One of the most interesting results arrived at in pursuing these experiments, is the demonstration of the fact that a gaseous medium, upon which vibration is impressed by rapid changes of electrostatic potential, is rigid. In illustration of this result an experiment made by Mr. Tesla may by cited:—A glass tube about one inch in diameter and three feet long, with outside condenser coatings on the ends, was exhausted to a certain point, when, the tube being suspended freely from a wire connecting the upper coating to one of the terminals of the coil, the discharge appeared in the form of a luminous thread passing through the axis of the tube. Usually the thread was sharply defined in the upper part of the tube and lost itself in the lower part. When a magnet or the finger was quickly passed near the upper part of the luminous thread, it was brought out of position by magnetic or electrostatic influence, and a transversal vibration like that of a suspended cord, with one or more distinct nodes, was set up, which lasted for a few minutes and gradually died out. By suspending from the lower condenser coating metal plates of different sizes, the speed of the vibration was varied. This vibration would seem to show beyond doubt that the thread possessed rigidity, at least to transversal displacements.

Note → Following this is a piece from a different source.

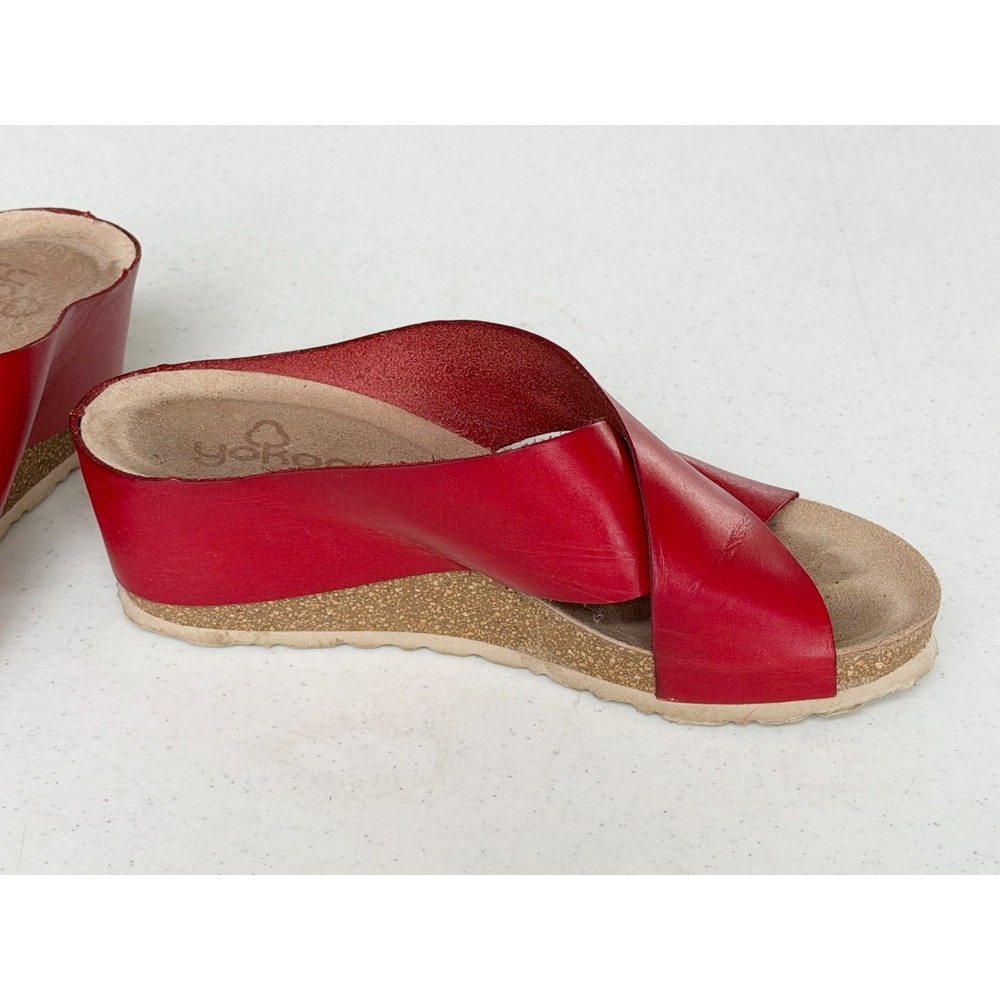 Yokono Red Leather Wedge Platform Sandals Slip On Cork Women's 7.5 Spain - Picture 4 of 8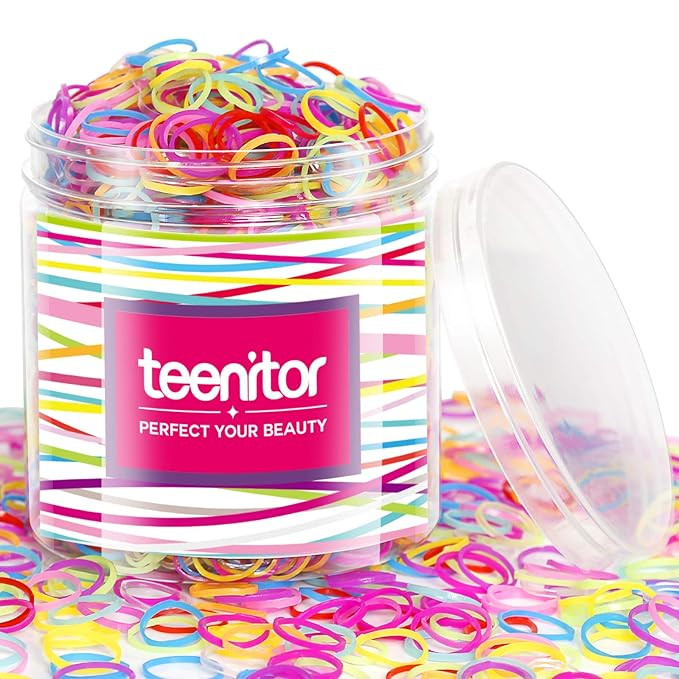 Color Elastic Hair Bands, Teenitor 2000pcs Multi Color Hair Holder Hair Tie Elastic Rubber Bands ... | Amazon (US)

Many experiments were tried to demonstrate this property in air at ordinary pressure. Though no positive evidence has been obtained, it is thought, nevertheless, that a high frequency brush or streamer, if the frequency could be pushed far enough, would be decidedly rigid. A small sphere might then be moved within it quite freely, but if thrown against it the sphere would rebound. An ordinary flame cannot possess rigidity to a marked degree because the vibration is directionless; but an electric arc, it is believed, must possess that property more or less. A luminous band excited in a bulb by repeated discharges of a Leyden jar must also possess rigidity, and if deformed and suddenly released should vibrate.
From like considerations other conclusions of interest are reached. The most probable medium filling the space is one consisting of independent carriers immersed in an insulating fluid. If through this medium enormous electrostatic stresses are assumed to act, which vary rapidly in intensity, it would allow the motion of a body through it, yet it would be rigid and elastic, although the fluid itself might be devoid of these properties. Furthermore, on the assumption that the independent carriers are of any configuration such that the fluid resistance to motion in one direction is greater than in another, a stress of that nature would cause the carriers to arrange themselves in groups, since they would turn to each other their sides of the greatest electric density, in which position the fluid resistance to approach would be smaller than to receding. If in a medium of the above characteristics a brush would be formed by a steady potential, an exchange of the carriers would go on continually, and there would be less carriers per unit of volume in the brush than in the space at some distance from the electrode, this corresponding to rarefaction. If the potential were rapidly changing, the result would be very different; the higher the frequency of the pulses, the slower would be the exchange of the carriers; finally, the motion of translation through measurable space would cease, and, with a sufficiently high frequency and intensity of the stress, the carriers would be drawn towards the electrode, and compression would result.